═══ EXERCISE INPUT

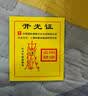 京莹【七夕礼物】天然黑曜石本命佛吊坠男女护身符守护神项链送男女友 实拍图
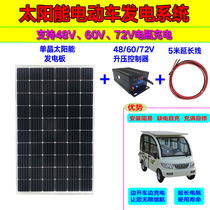300W单晶太阳能电池板60V车载发电板72v电瓶充电板三轮车太阳能板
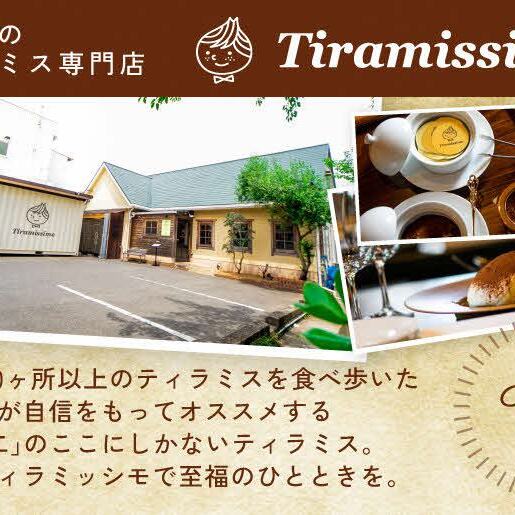 【高島屋選定品】なめらかティラミス6個セット TTS0001_イメージ5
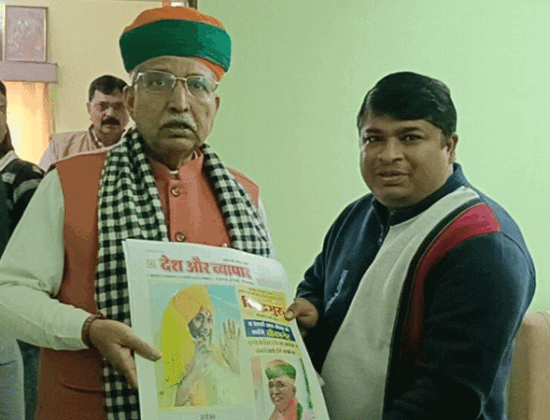 Arjunram Meghwal-Ravi Pugalia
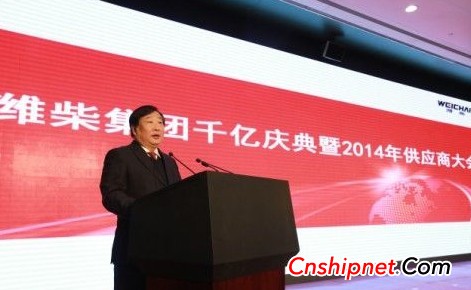 In 2013, Weichai Groupâ€™s sales revenue exceeded 100 billion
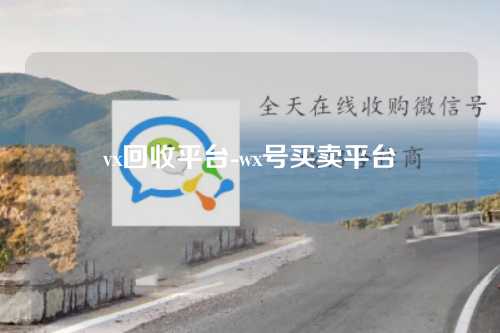 vx回收平台-wx号买卖平台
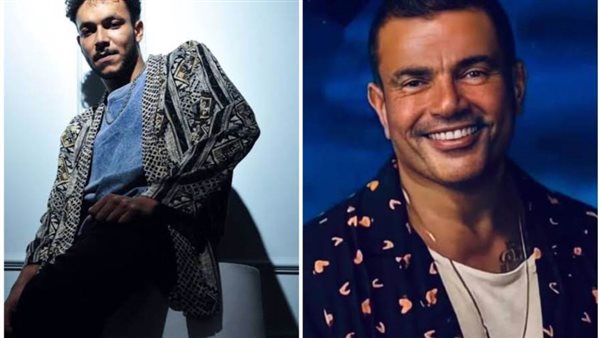 ويجز - عمرو دياب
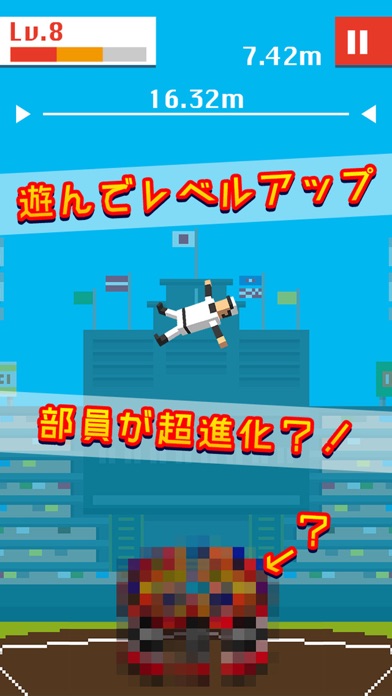 Screenshot #2 pour Human Juggling Cup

══════

• REQUIRED ACTION:
Return the complete data unchanged and include none of the pictures.

• TASK RESULT:
 京莹【七夕礼物】天然黑曜石本命佛吊坠男女护身符守护神项链送男女友 实拍图
300W单晶太阳能电池板60V车载发电板72v电瓶充电板三轮车太阳能板
 【高島屋選定品】なめらかティラミス6個セット TTS0001_イメージ5
 Arjunram Meghwal-Ravi Pugalia
 In 2013, Weichai Groupâ€™s sales revenue exceeded 100 billion
 vx回收平台-wx号买卖平台
 ويجز - عمرو دياب
 Screenshot #2 pour Human Juggling Cup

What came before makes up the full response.